First, the country’s largest bank – State Bank of India (SBI) – reported its first quarterly loss in 19 years. Second, Bank of Baroda’s (BoB’s) decision to shut operations in South Africa. BoB came under scanner after it emerged in April 2016 as the only bank willing to do business with the Gupta brothers – Ajay, Atul, and Rajesh – who are accused of benefiting unduly due to their closeness to former president Jacob Zuma and his family members. Three, the Rs 114-billion fraud in Punjab National Bank (PNB) through letters of undertaking (LoUs) issued to jewellery designer Nirav Modi and Gitanjali Group.
No wonder, the Nifty PSU Bank Index has fallen 17% in the past month, and there are expectations that things may worsen.
“The PNB fraud is definitely a shock. As far as cases like Vijay Mallya or the Gupta brothers go, the board of the bank had made the decisions to lend. That is still a comfort. In PNB’s case, it seems only two-three employees were aware. This is quite different and much more difficult to understand,” said a former Reserve Bank of India (RBI) deputy governor. According to him, the banking sector’s credibility is on thin ice. Unless the government takes strict steps, things could get worse.
This crisis comes at a time when there was a feeling that the government’s Rs 2.11-trillion recapitalisation largesse would provide enough ‘growth capital’ to banks to kick-start the economy suffering from the dual shocks of demonetisation and the goods and services tax. Even SBI Chairman Rajnish Kumar had recently said at the World Economic Forum in Davos that the bank would use the entire amount it receives – Rs 88 billion – from the government’s package to fund growth. Now, it seems, these numbers may not be enough and the ‘growth capital’ that banks get would be spent more on provisioning and cleaning up their books.
Sample this: The government was planning to give PNB Rs 57 billion for recapitalisation. The fraud is double that figure.
In its third quarter results, SBI said there was a divergence between the assessment of non-performing assets (NPAs) of the RBI and the bank’s and there was a difference of more than Rs 230 billion at the end of FY17 and the burden of provisioning for this was more than Rs 60 billion.
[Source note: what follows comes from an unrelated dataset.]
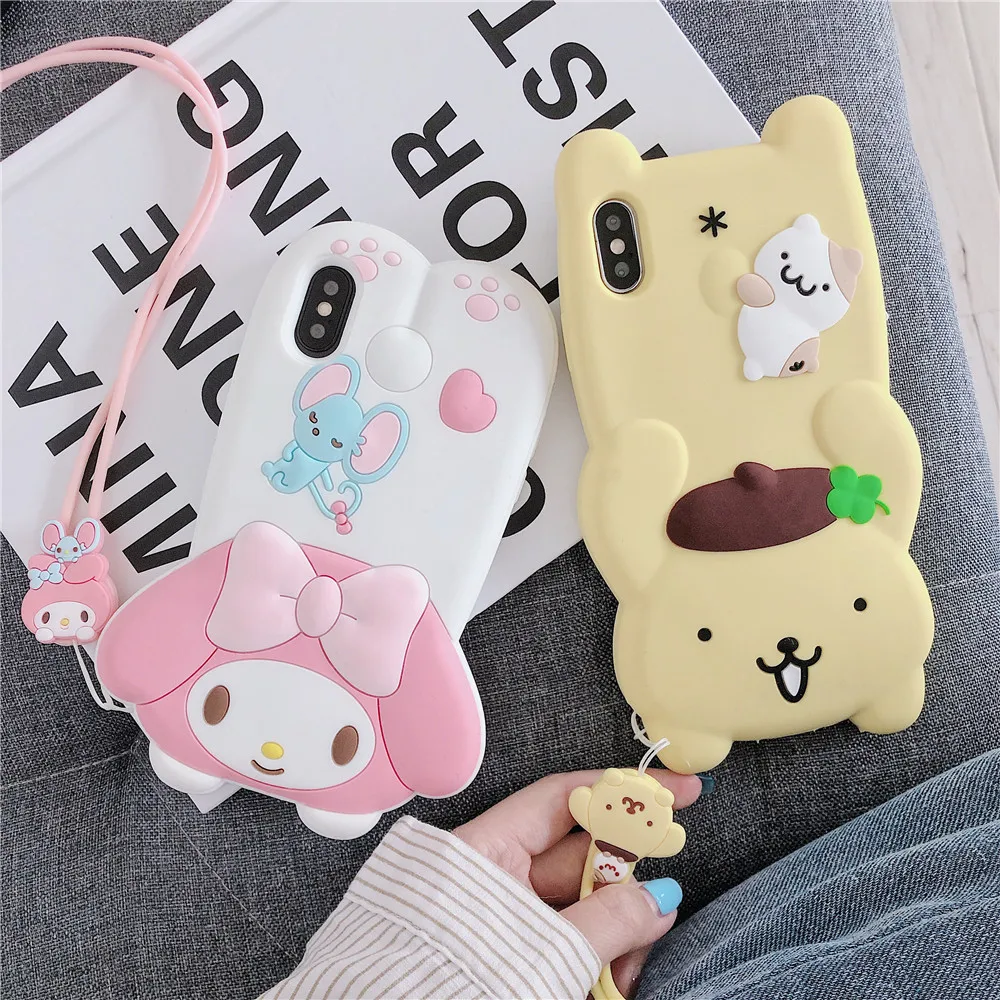 3D Аниме My melody Hello kitty Мягкий силиконовый чехол для телефона для iphone 11 pro max 6 7 8 plus X XR XS MAX Cinnamoroll Lanyard Cover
That’s not all. With the RBI banning all debt recast plans, around Rs 2.8 trillion worth of loans, where payments have remained outstanding for 60-90 days, are under threat of becoming NPAs. This implies significantly higher provisioning.
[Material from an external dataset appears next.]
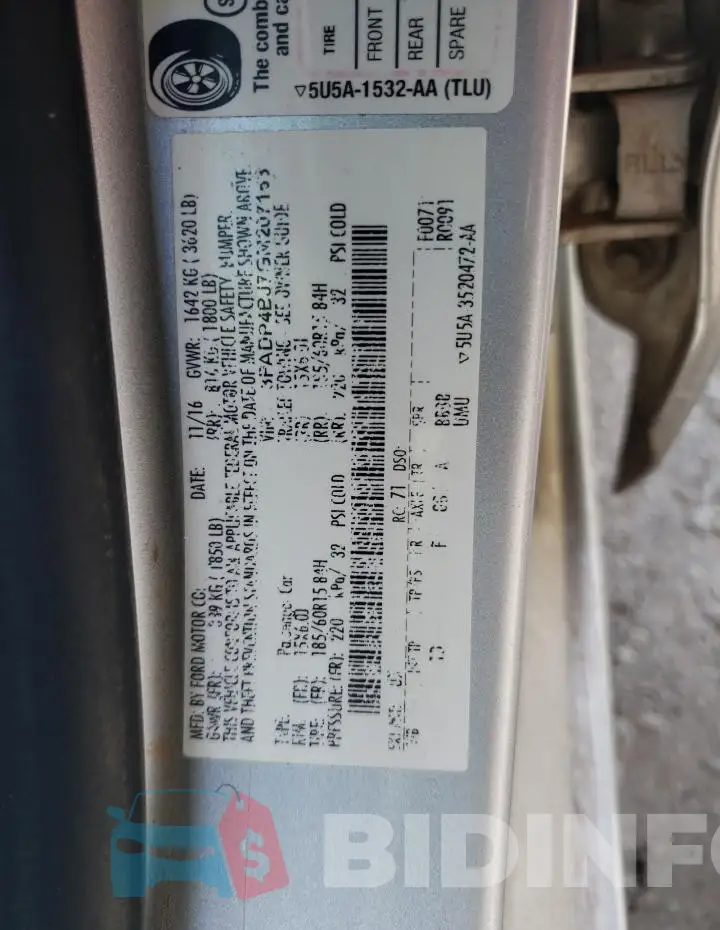 3FADP4BJ7GM207153 Photo# 13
“With the government being the majority owner of PSBs, any additional loss on account of higher NPAs due to additions in new NPA resolution scheme or due to extraneous reasons has to be covered by additional infusion of capital over and above the Rs 2.11 trillion. This will hold more so, if any bank is unable to make provisions from internal funds,” said Madan Sabnavis, chief economist, Icra.
There are doubts on whether the recapitalisation will work.
Says Nilesh Shah, managing director, Kotak Mutual Fund: “The recapitalisation package announced is likely to be inadequate for some reasons. PSBs have incurred more than the anticipated treasury losses due to rising yields; the new circular from the RBI to close various packages in favour of one single way of treating NPA is likely to increase NPA and the need for provisioning; there could be higher provisioning on cases referred in the National Company Law Tribunal. It is also corroborated from the announcement of capital-raising from a few PSBs.”
According to him, the main issue is compensation of top management of PSBs and the administrative freedom to do the work without external influence.